There are a number of self-care strategies that caregivers can try to reduce stress. No one approach will work for everyone, so it’s important to find what works for you. Options include:

√ Talk to someone you trust. This could be a friend, family member, priest or counselor. The Alzheimer’s Association offers a 24-hour helpline, with dementia experts available at any time.

√ Go outside. Even just a few minutes outdoors can improve your mood, especially on sunny days.

√ Practice. Movement is a proven approach to improving mental and physical health. Try a neighborhood walk or a local fitness class, which has the added benefit of being social.

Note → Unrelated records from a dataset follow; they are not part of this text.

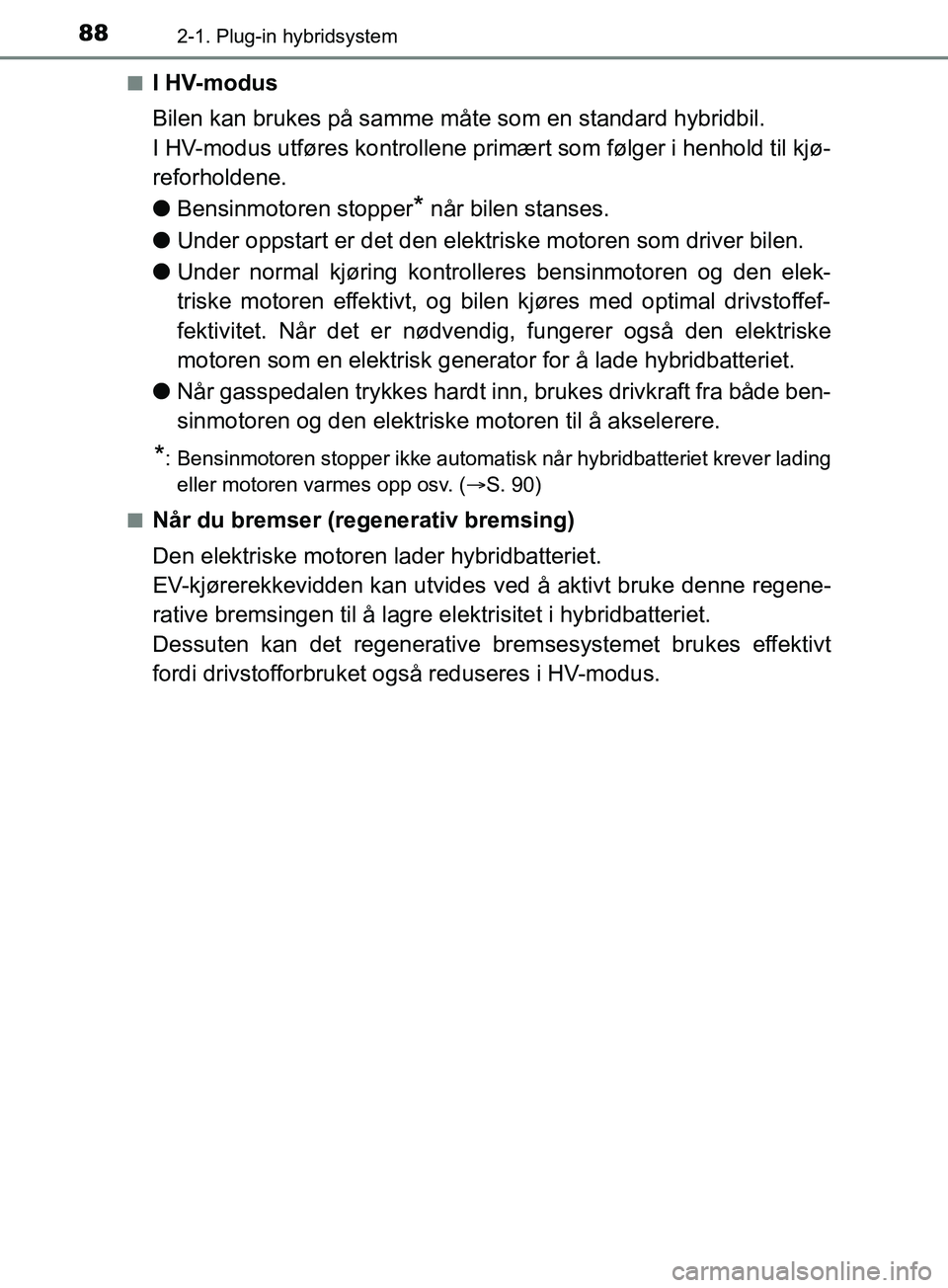 TOYOTA PRIUS PLUG-IN HYBRID 2018 Instruksjoner for bruk (in Norwegian) 882-1. Plug-in hybridsystem
OM47C99NOn
I HV-modus
Bilen kan brukes på samme måte som en standard hybridbil.
I HV-modus utføres kontrollene primært som følger i henhold til kjø-
reforholdene.
l
B TOYOTA PRIUS PLUG-IN HYBRID 2018 Instruksjoner for bruk (in Norwegian) 882-1. Plug-in hybridsystem
OM47C99NOn
I HV-modus
Bilen kan brukes på samme måte som en standard hybridbil.
I HV-modus utføres kontrollene primært som følger i henhold til kjø-
reforholdene.
l
B
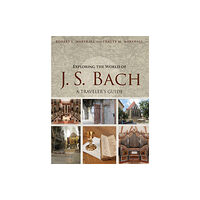 University of illinois press Exploring the World of J. S. Bach (häftad, eng)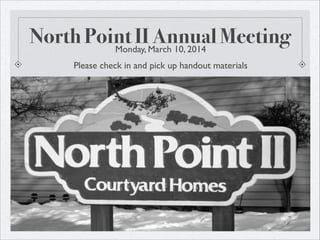 North Point II Annual MeetingMonday, March 10, 2014	

Please check in and pick up handout materials
 
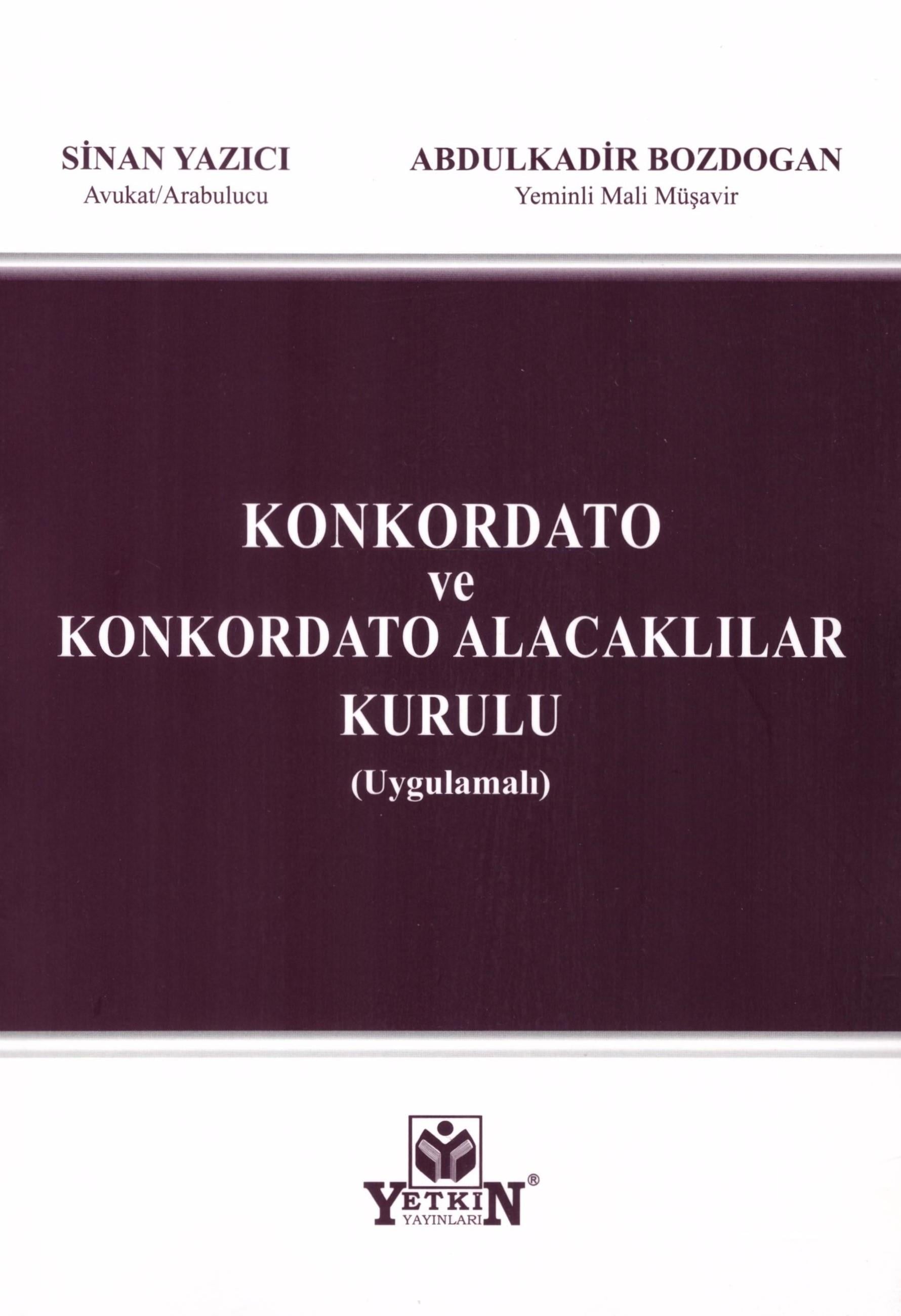 Konkordato ve Konkordato Alacaklılar Kurulu (Uygulamalı)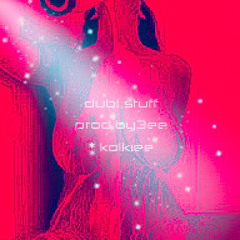 dublstuff (prod.by3ee + kolkiee)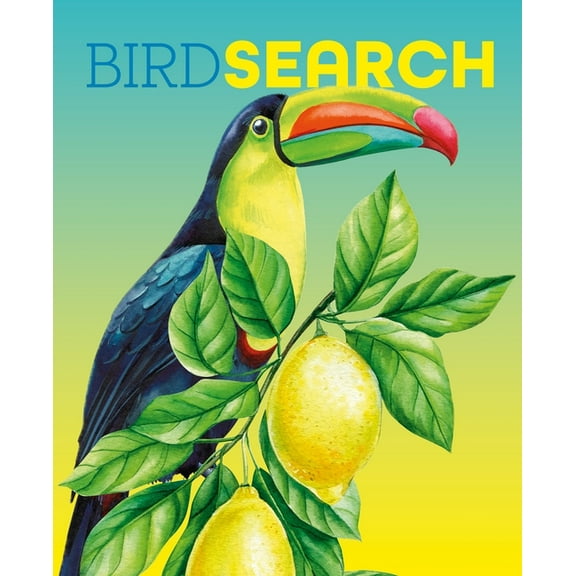 Birdsearch Wordsearch: 90 Bird-Themed Puzzles, (Paperback)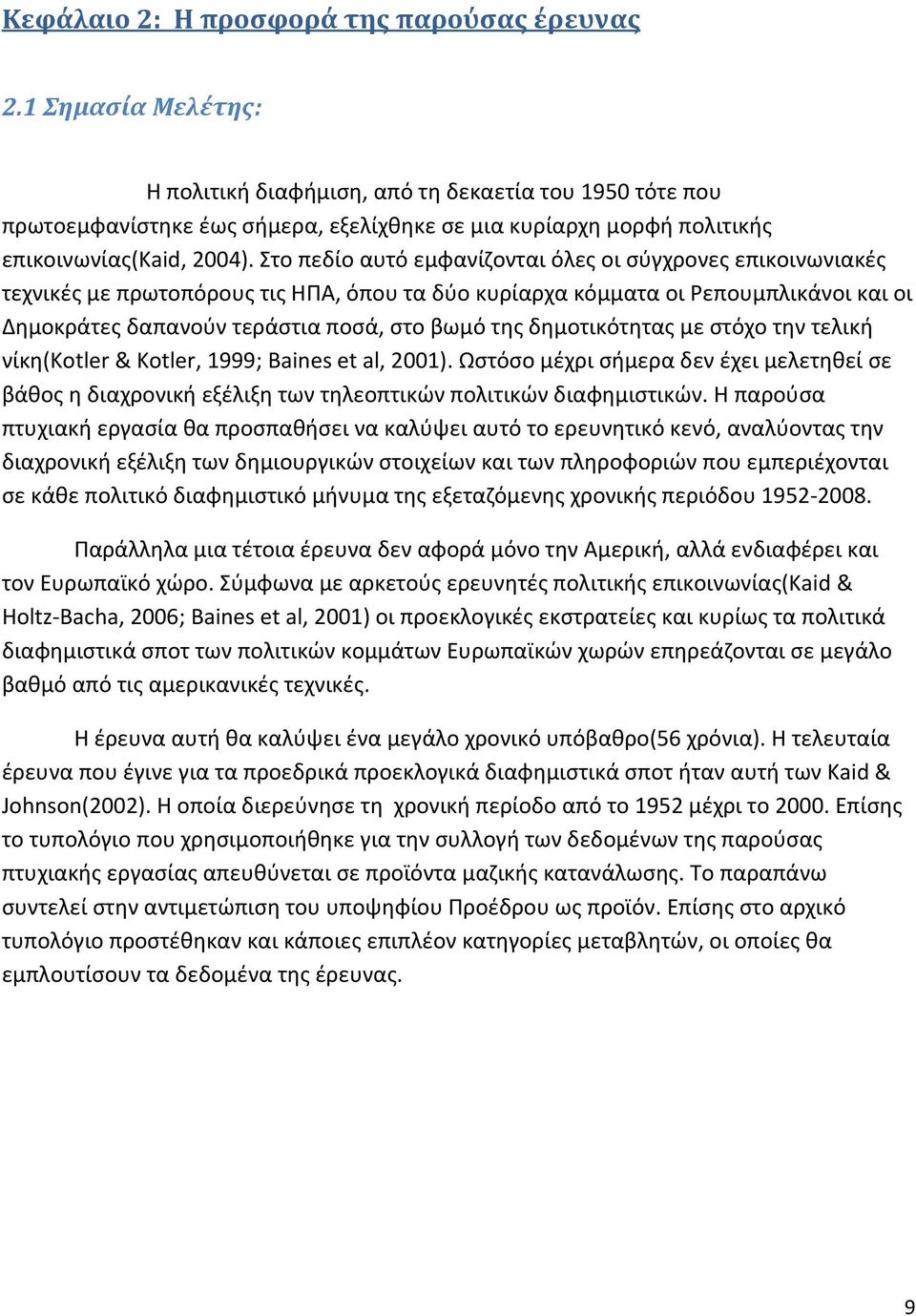 Στο πεδίο αυτό εμφανίζονται όλες οι σύγχρονες επικοινωνιακές τεχνικές με πρωτοπόρους τις ΗΠΑ, όπου τα δύο κυρίαρχα κόμματα οι Ρεπουμπλικάνοι και οι Δημοκράτες δαπανούν τεράστια ποσά, στο βωμό της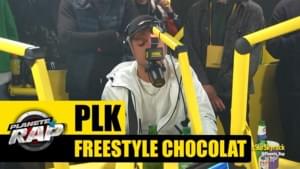 Freestyle Chocolat #PlanèteRap - PLK (Ft. Chilla & Roméo Elvis)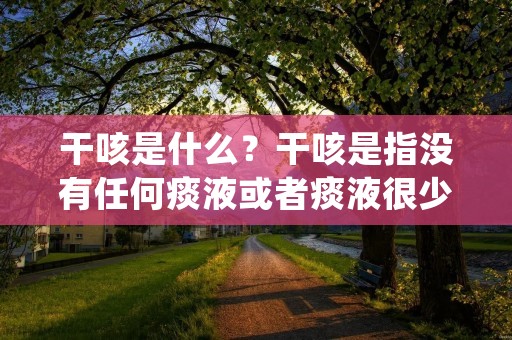 干咳是什么?干咳是指没有任何痰液或者痰液很少的咳嗽。干咳可能是由多种原因引起的,如感冒、过敏、气管炎、支气管炎、肺炎等等。干咳在病程中可能会伴随着喉咙痛、胸痛、头痛、发热等症状。干咳虽然不是很危险,但如果不及时治疗,可能会导致疾病的加重,影响身体健康。 干咳是什么?干咳是指没有任何痰液或者痰液很少的咳嗽。干咳可能是由多种原因引起的,如感冒、过敏、气管炎、支气管炎、肺炎等等。干咳在病程中可能会伴随着喉咙痛、胸痛、头痛、发热等症状。干咳虽然不是很危险,但如果不及时治疗,可能会导致疾病的加重,影响身体健康。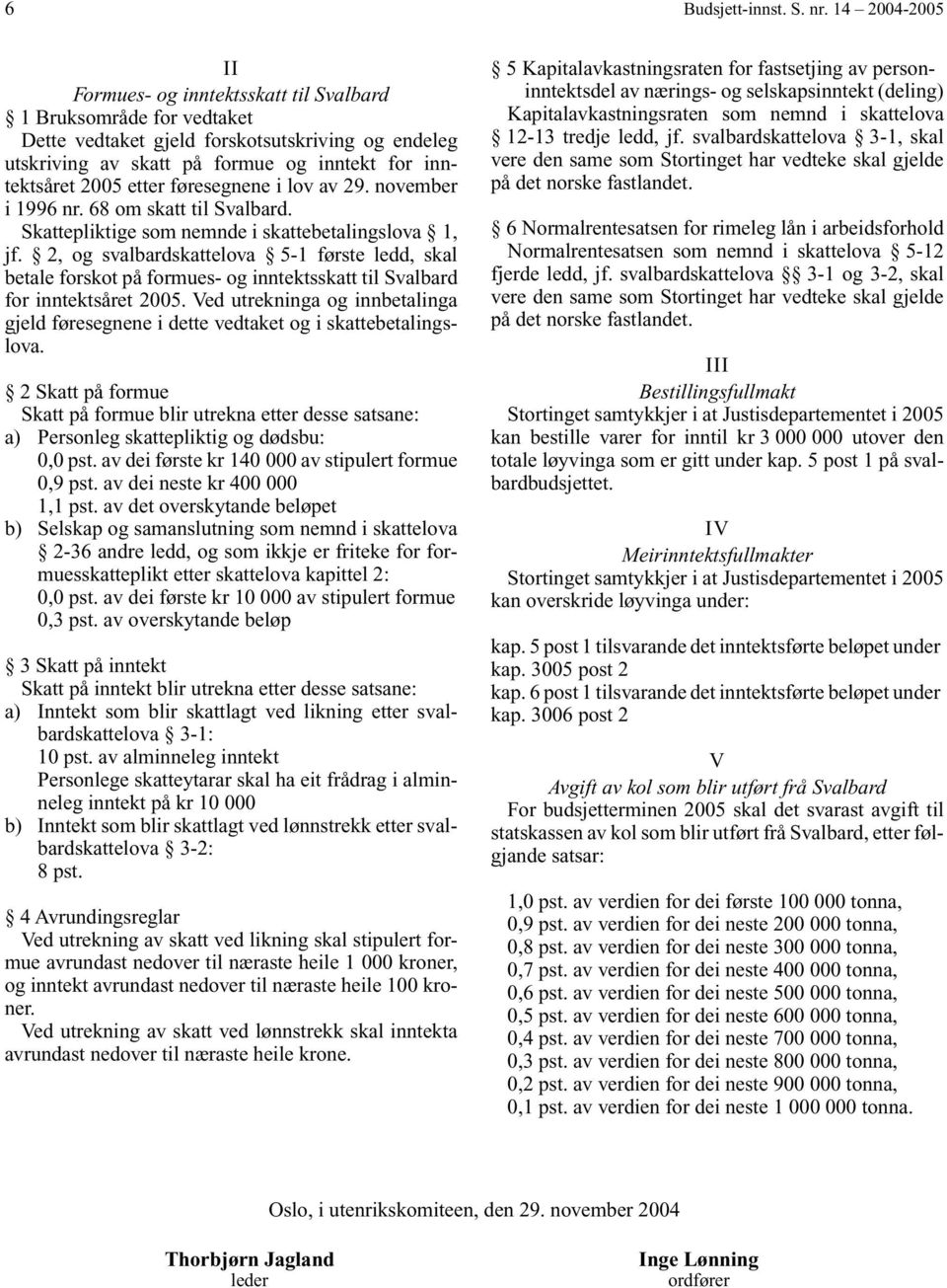 etter føresegnene i lov av 29. november i 1996 nr. 68 om skatt til Svalbard. Skattepliktige som nemnde i skattebetalingslova 1, jf.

√ Try a mindfulness technique. Meditation, yoga, tai chi, and journaling are all mindfulness options that can reduce anxiety and depression and can even help reduce blood pressure and improve sleep quality.

Gangemi said she relies on her faith and family to help her cope with stress, while finding a healthy outlet through volunteering for the WNY chapter.

“When I work with the public on behalf of the Alzheimer’s Association, I hear about other people’s struggles and learn how they deal with them,” she said. “I know not to take anything for granted.”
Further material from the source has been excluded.